Tali nuovi sistemi si allacciano perfettamente alla realizzazione di città e territori circolari, fortemente connesse a tematiche quali sviluppo sostenibile, resilienza e cambiamenti climatici. Attualmente non esiste una definizione chiara e condivisa di cosa costituisca una città o un territorio circolare. Nella letteratura scientifica molto spesso la città circolare è vista come un contesto in grado di mettere in pratica i principi dell’economia circolare, tentando di chiudere i cicli delle risorse che utilizza, oltre che realizzare engagement sociale con i suoi stakeholder (cittadini, comunità, imprese, amministratori e stakeholder della conoscenza). La Ellen Mac Arthur Foundation afferma che una città circolare incorpora i principi dell’economia circolare in tutte le sue funzioni, stabilendo un sistema urbano che è rigenerativo per definizione.
A prescindere dalle diverse definizioni presenti, in generale le città e i territori vengono definiti circolari per sottolineare l’innovativo modo di vedere, ponderare e soprattutto gestire le attività economiche e non, che hanno luogo nel territorio della città. Negli ultimi anni, numerose sono le città che hanno proposto strategie e intrapreso percorsi verso la circolarità come Rotterdam, Parigi, Londra, Madrid e altre.
In ogni caso la connessione dei sistemi e il cambio degli stili di vita comporterà necessariamente una ricomposizione del tessuto urbanistico che, per certi versi, l’economia lineare ha condotto verso un punto di non ritorno.
Basti pensare che in Italia la periferia è sempre più spopolata (negli ultimi 25 anni una persona su sette se n’è andata), con quasi due milioni di case vuote (una ogni tre non è occupata) e abitanti sempre più anziani (due per ogni giovane). È la fotografia dei piccoli Comuni italiani che emerge da un recente studio realizzato da Cresme per Legambiente e Anci sui comuni al di sotto dei 5.000 abitanti.
Un’Italia piccola ma dall’anima profonda che va dalle Alpi agli Appennini per arrivare alle isole minori; 5.627 piccoli centri che coprono il 69,9% del totale dei comuni del Belpaese (8.047). Di questi, secondo lo studio, sono quasi la metà (2.430) quelli che soffrono un forte disagio demografico ed economico, piccoli borghi che occupano il 29,7% della superficie territoriale nazionale, oltre 89mila kmq, una densità abitativa che non raggiunge i 36 abitanti per kmq; quasi 13 volte meno rispetto ai comuni sopra i 5mila abitanti.

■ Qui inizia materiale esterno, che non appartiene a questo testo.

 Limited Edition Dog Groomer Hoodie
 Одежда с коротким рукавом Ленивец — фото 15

In particolare negli ultimi 25 anni (dal 1991 al 2015) in questi territori si è registrato un calo della popolazione attiva (675mila abitanti in meno, cioè il -6,3% nei comuni sotto i 5000 abitanti), una persona su sette se ne è andata, un aumento di quella anziana (gli ultra 65enni a fronte dei giovani fino ai 14 anni sono aumentati dell’83%), con oltre 2 anziani per un giovane. Le case vuote sono 1.991.557 contro le 4.345.843 occupate: una ogni tre è vuota.

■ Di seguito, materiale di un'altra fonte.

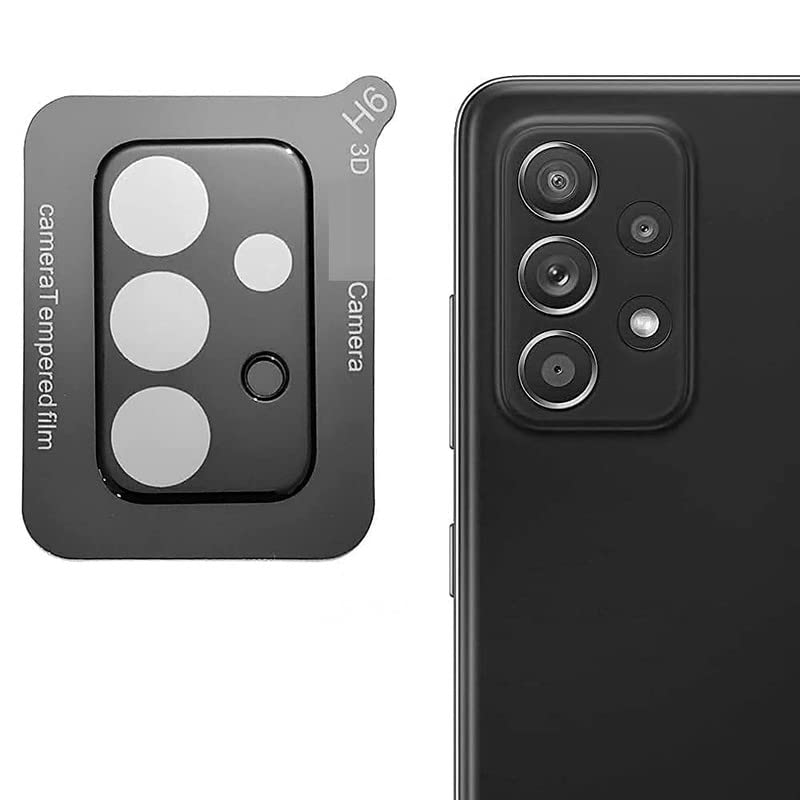 Aptivos Tempered Glass Camera Lens Protector For Samsung Galaxy A73 Anti-Scratch Camera Protective 9H Hardness Glass Lens [Pack of 1] Black (B0BS75RJ82) Amazon Price History, Amazon Price Tracker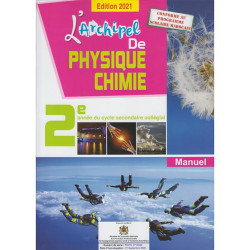 L'ARCHIPEL DE PHISIQUE CHIMIE 2EMME AC ED. 2021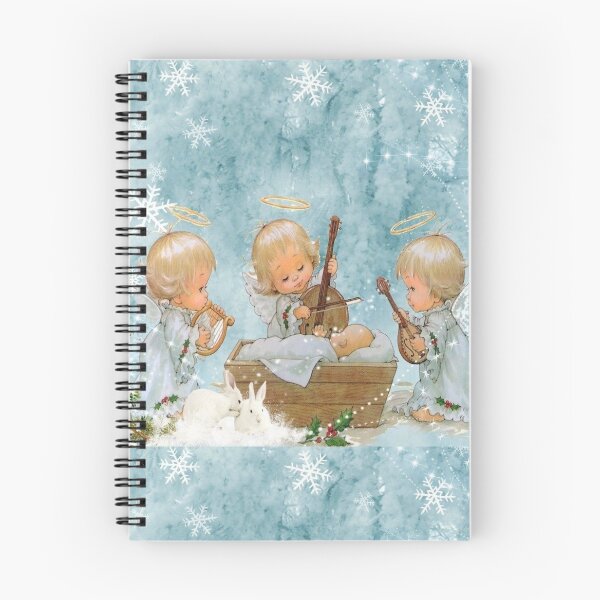 Item preview,  angels playing music to jesus born designed and sold by 42youbest.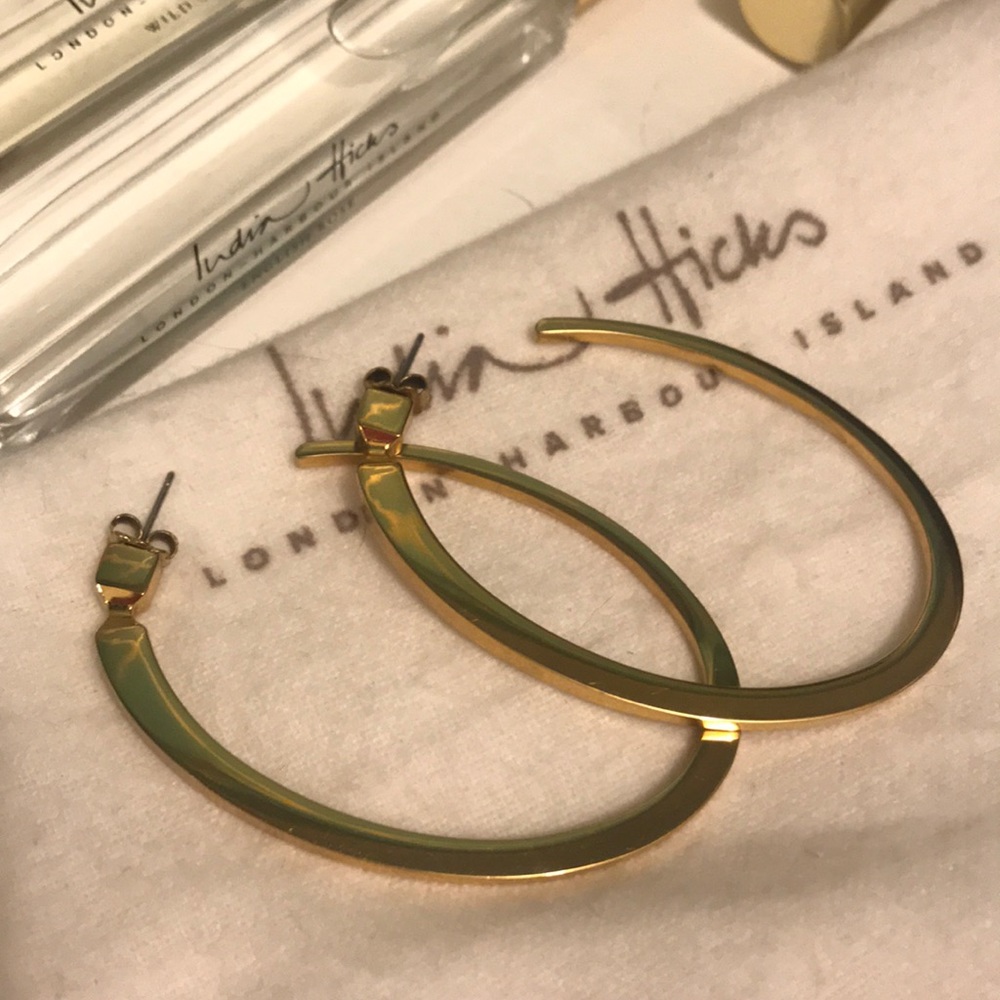 India Hicks Leticia Hoops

Per ovviare a questo disastro sociale e, conseguentemente ecologico ed ambientale, bisogna invertire una logica politica che ha visto nella economia lineare e nell’accentramento dei poteri e delle decisioni una patologia senza possibilità di alcuna cura.
A tutto ciò l’unico rimedio è quello di ripensare ad un rapporto tra l’uomo e la natura, a differenti legami tra ecologia sociale ed ecologia, ed in cui l’agroecologia è l’unica soluzione, all’interno dell’economia circolare, per curare quella che le Nazioni Unite definiscono come Crisi Umanitaria.